%%
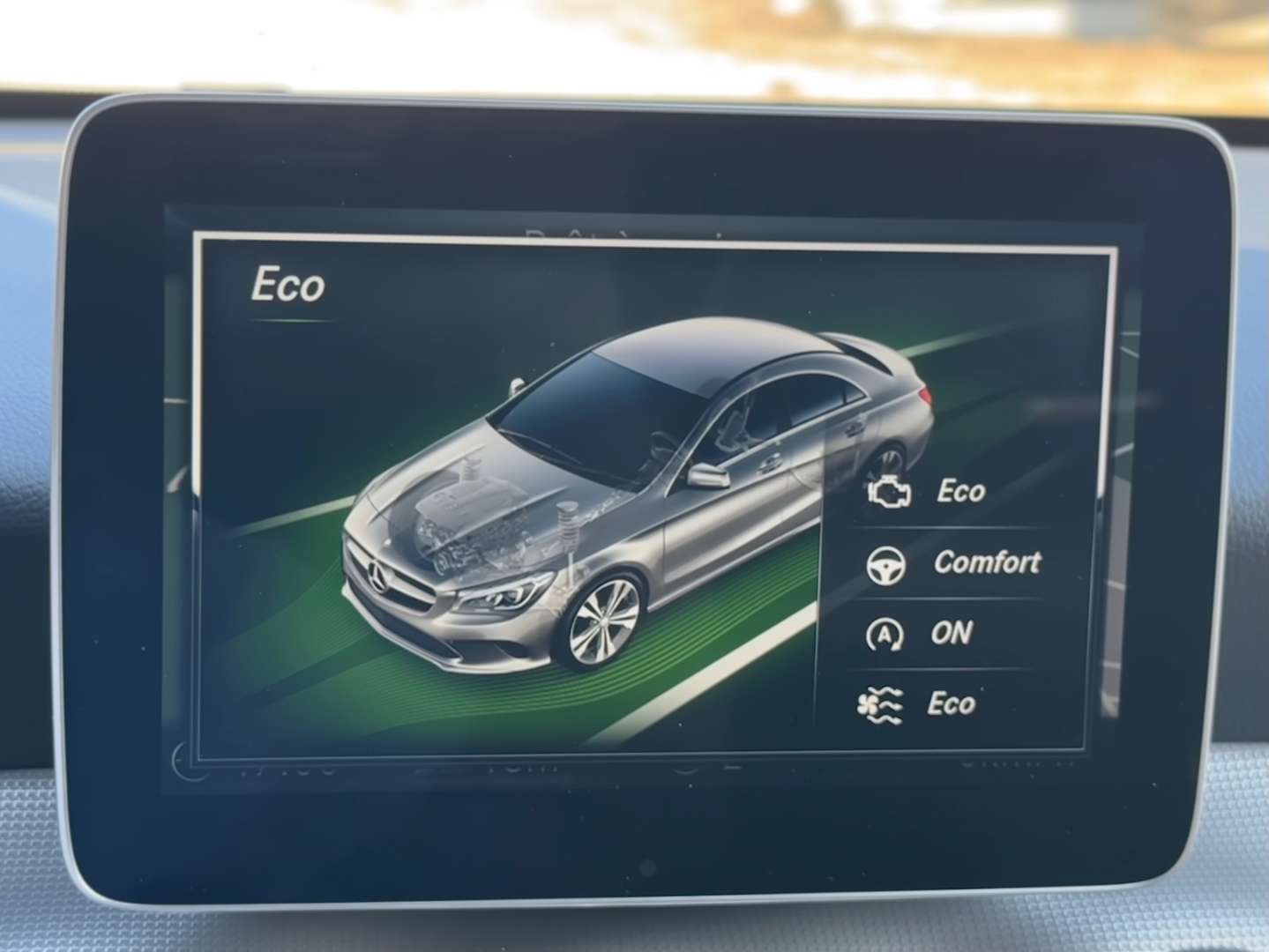 Mercedes CLA 180 Sport - 2018 - Joinsteer - #12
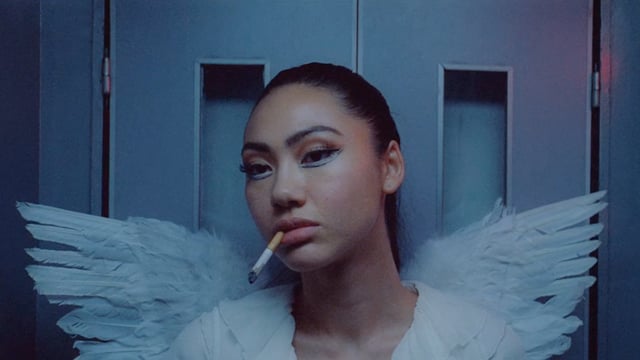 MURA MASA - No hope generation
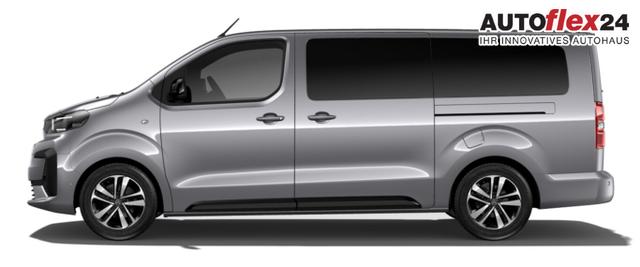 Vorlauffahrzeuge Citro&euml;n SpaceTourer - MAX XL 7S VIP  ACC Pano StHz Leder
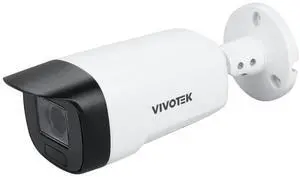 Vivotek IB9399-EHTV 8MP Bullet Camera Vivotek IB9399-EHTV 8MP Bullet Camera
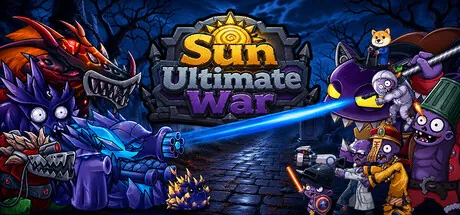 Trainer de Guerra Solar Suprema — portada destacada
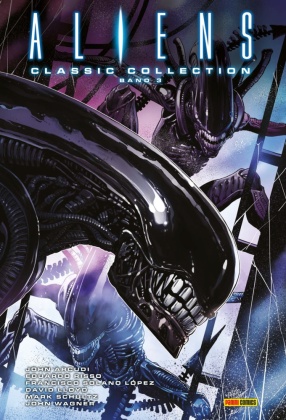 Aliens Classic Collection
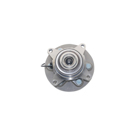 2021 Ford Expedition Wheel Hub Assembly 3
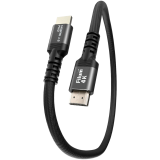 Кабель HDMI - HDMI, 5м, Filum FL-CP-HDMI2.0-5M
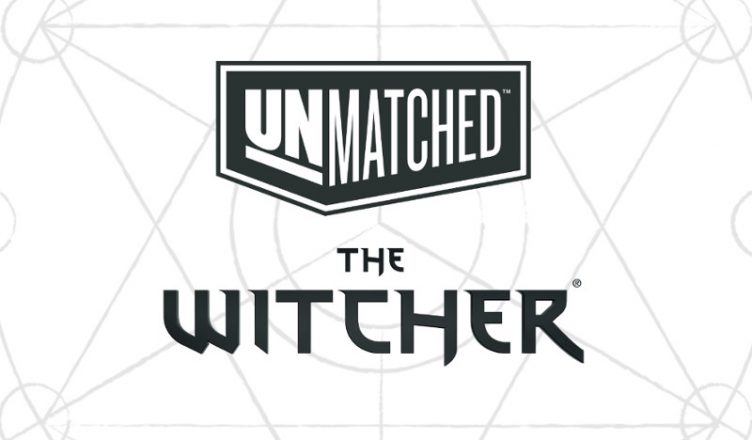 Unmatched The Witcher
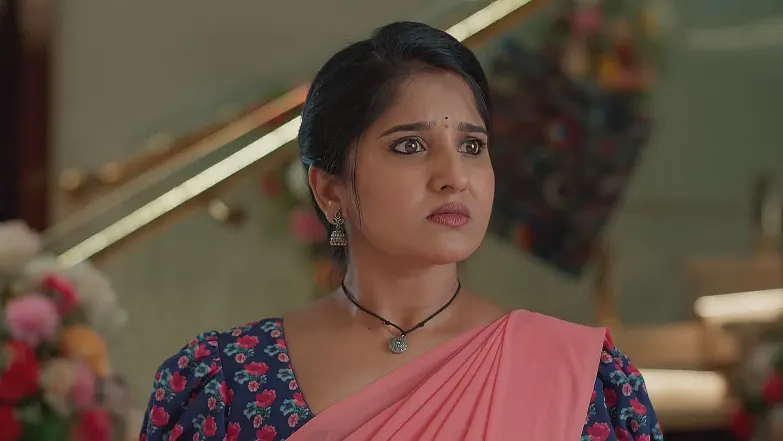 Chamanthi - March 17, 2025 - Best Scene 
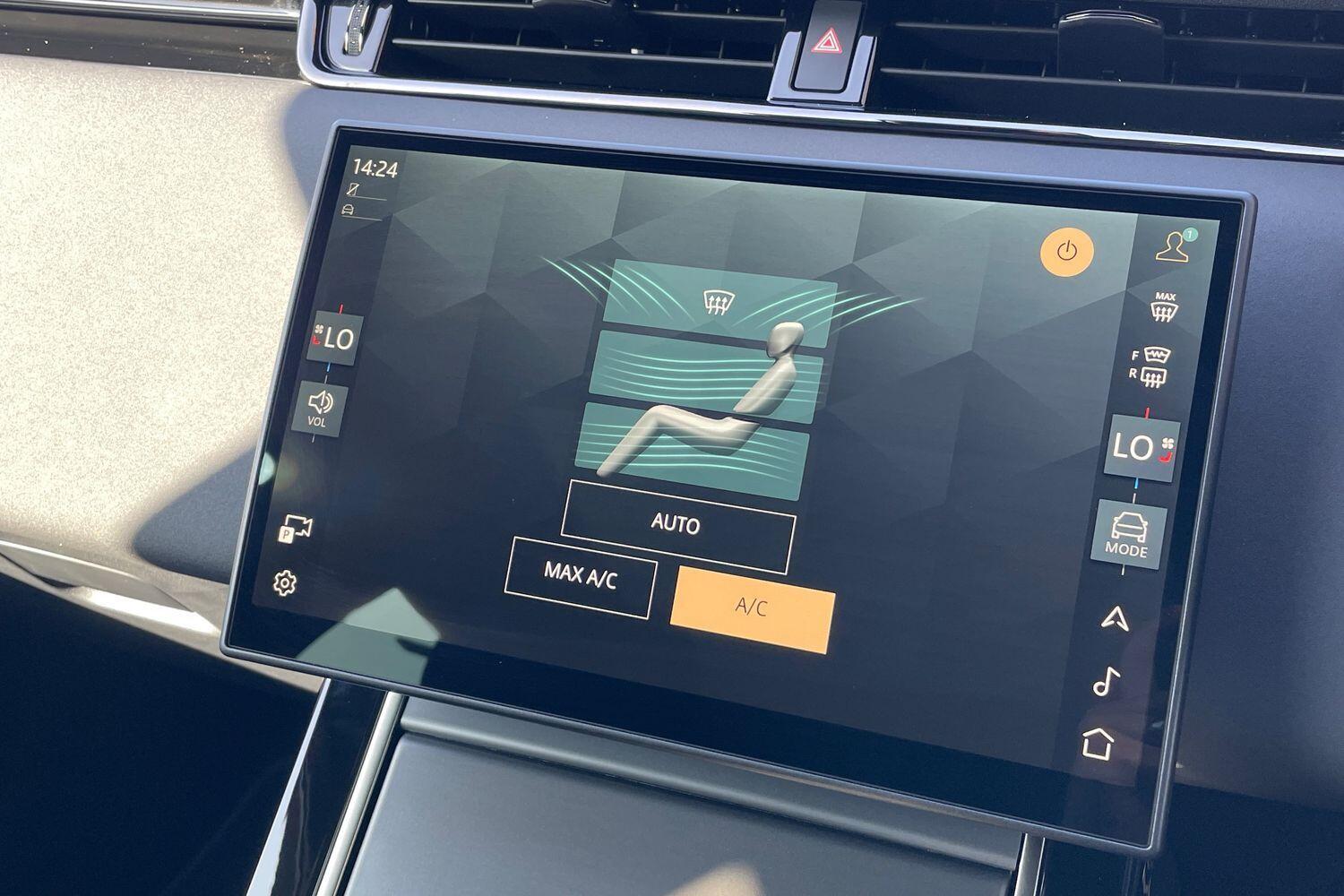 Used Land Rover Range Rover Evoque 2025 for sale - 76952713: Photo 43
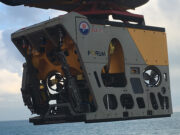 FET to supply ROV to MOD Salvage and Marine Operations Unit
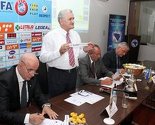 Kup BiH: Sarajevo protiv Busovače ili Podgrmeča, Željezničar s Kozarom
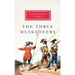 The Three Musketeers: Introduction by Allan Massie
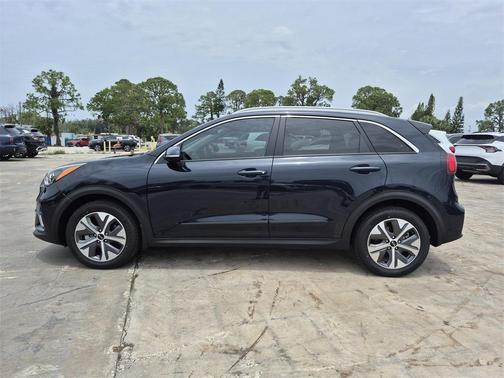 2020 Kia Niro EV EX Premium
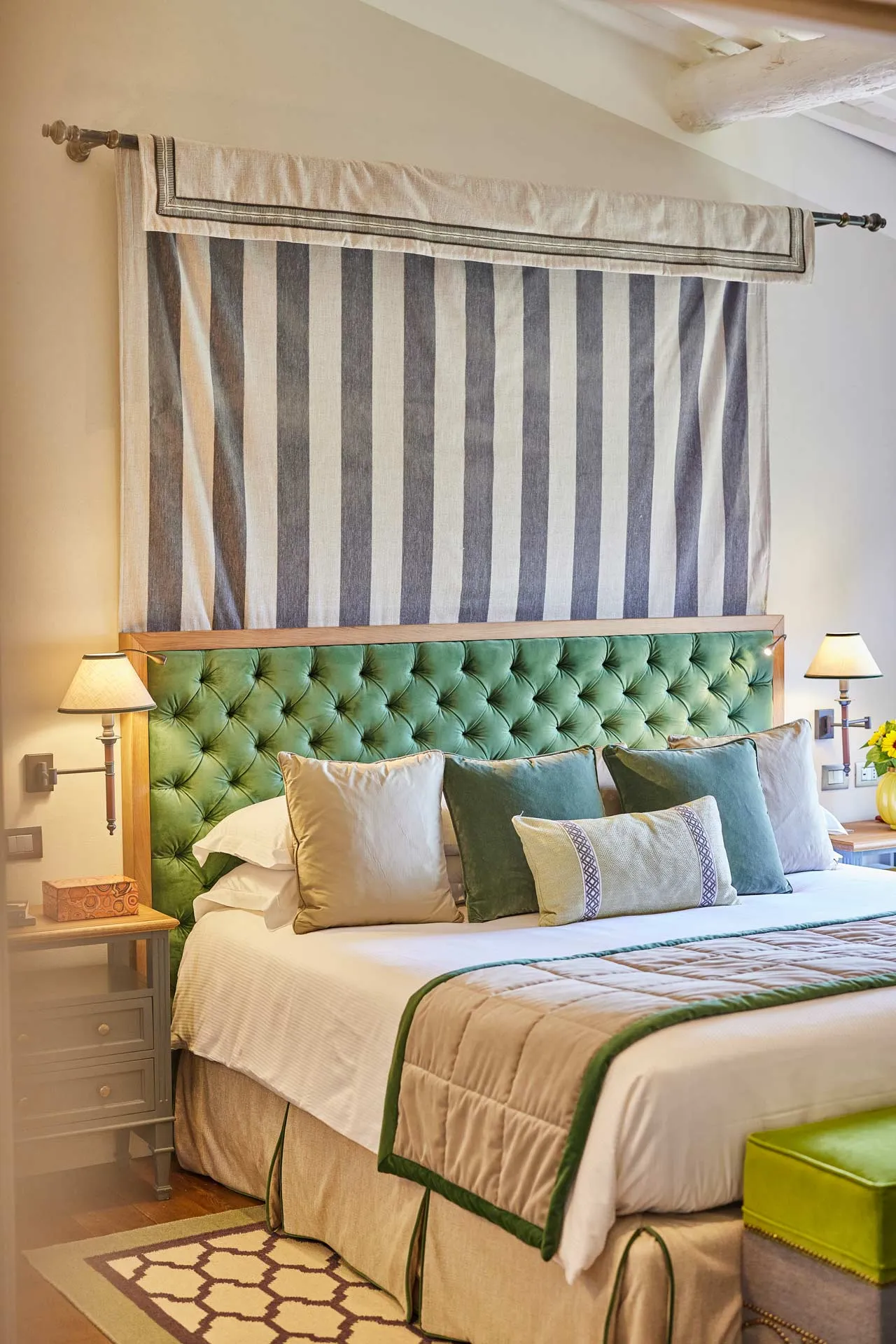 Hotel Borgo San Felice, Castelnuovo Berardenga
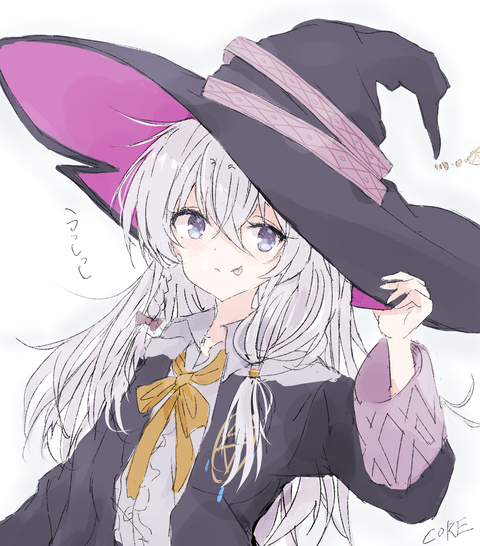 旅々イレイナさん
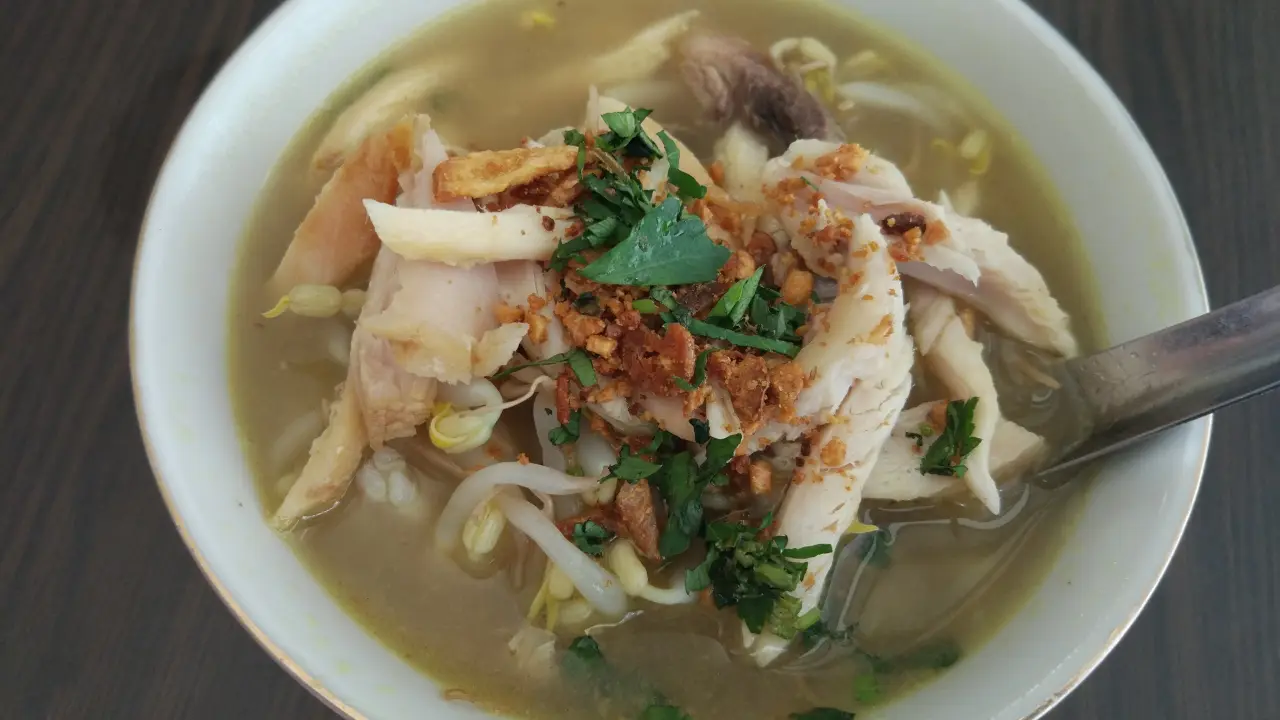 Soto Kudus Grup Menara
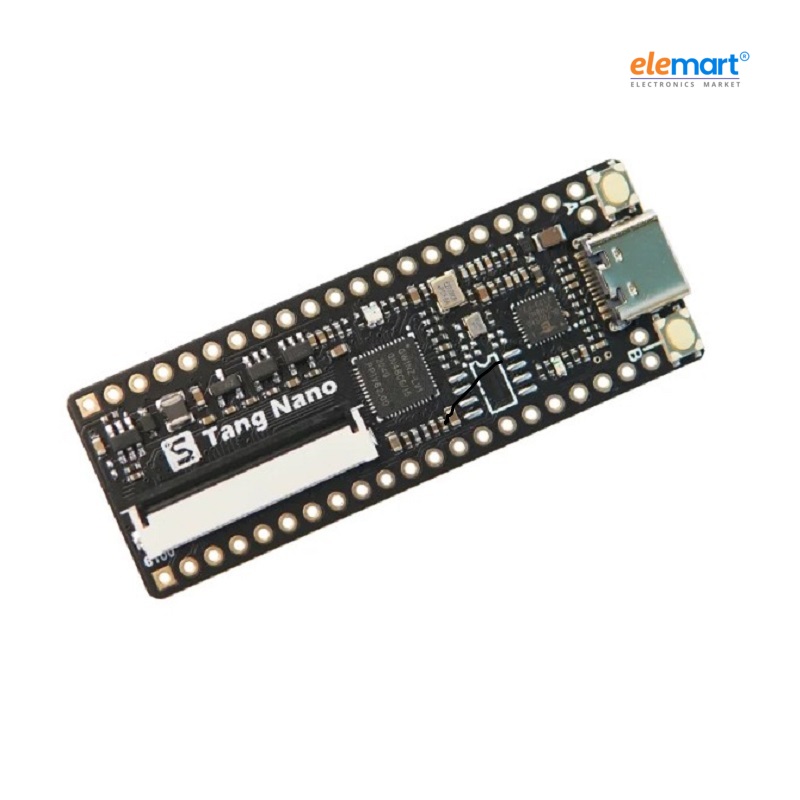 Sipeed Tang nano 1k Core board based on Gowin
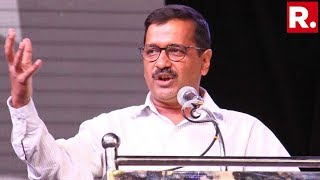 Delhi CM Arvind Kejriwal Backs West Bengal CM Mamata Banerjee | #MamataBlocksCBI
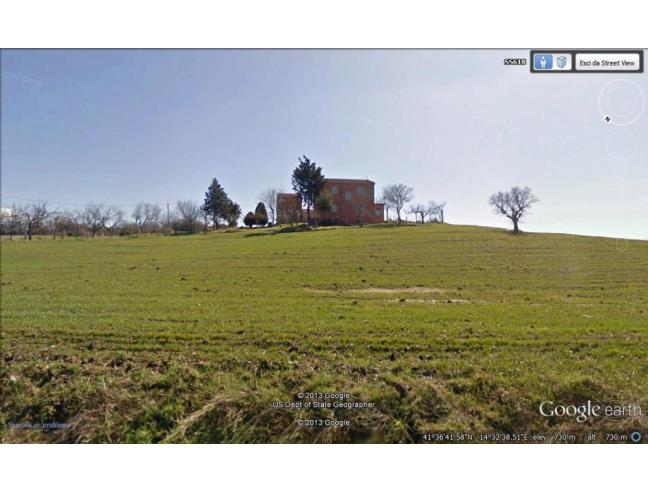 Anteprima foto 4 - Casa indipendente in Vendita a Castropignano (Campobasso)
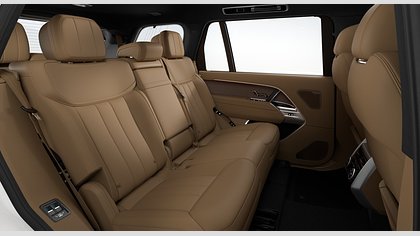 Range Rover 6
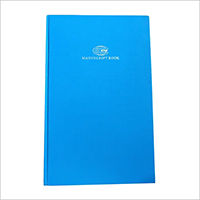 Memo notebook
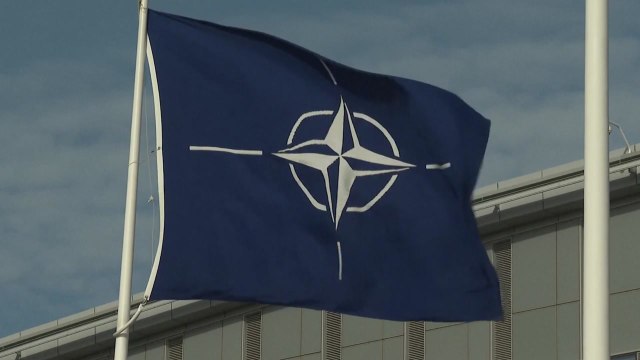 젤렌스키 우크라 나토 가입, 정치적 결단에 달려 / YTN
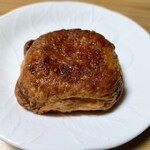 ジュウニブンベーカリー 新宿店 - ハニートースト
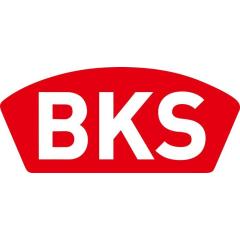 BKS Panik-Stift 4YW 4-KT.9x84 mm geteilter Vollstift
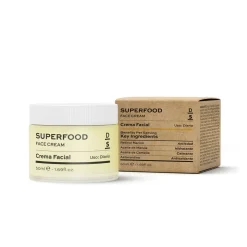 Superfood Crème Visage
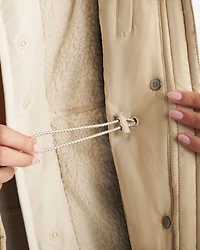 Roots Down Parka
%%
Starting at the line that contains "Sipeed Tang nano", transcribe each line through the last one of the entries above, exactly and without pictures.

 Sipeed Tang nano 1k Core board based on Gowin
 Delhi CM Arvind Kejriwal Backs West Bengal CM Mamata Banerjee | #MamataBlocksCBI
 Anteprima foto 4 - Casa indipendente in Vendita a Castropignano (Campobasso)
 Range Rover 6
 Memo notebook
 젤렌스키 우크라 나토 가입, 정치적 결단에 달려 / YTN
 ジュウニブンベーカリー 新宿店 - ハニートースト
 BKS Panik-Stift 4YW 4-KT.9x84 mm geteilter Vollstift
 Superfood Crème Visage
 Roots Down Parka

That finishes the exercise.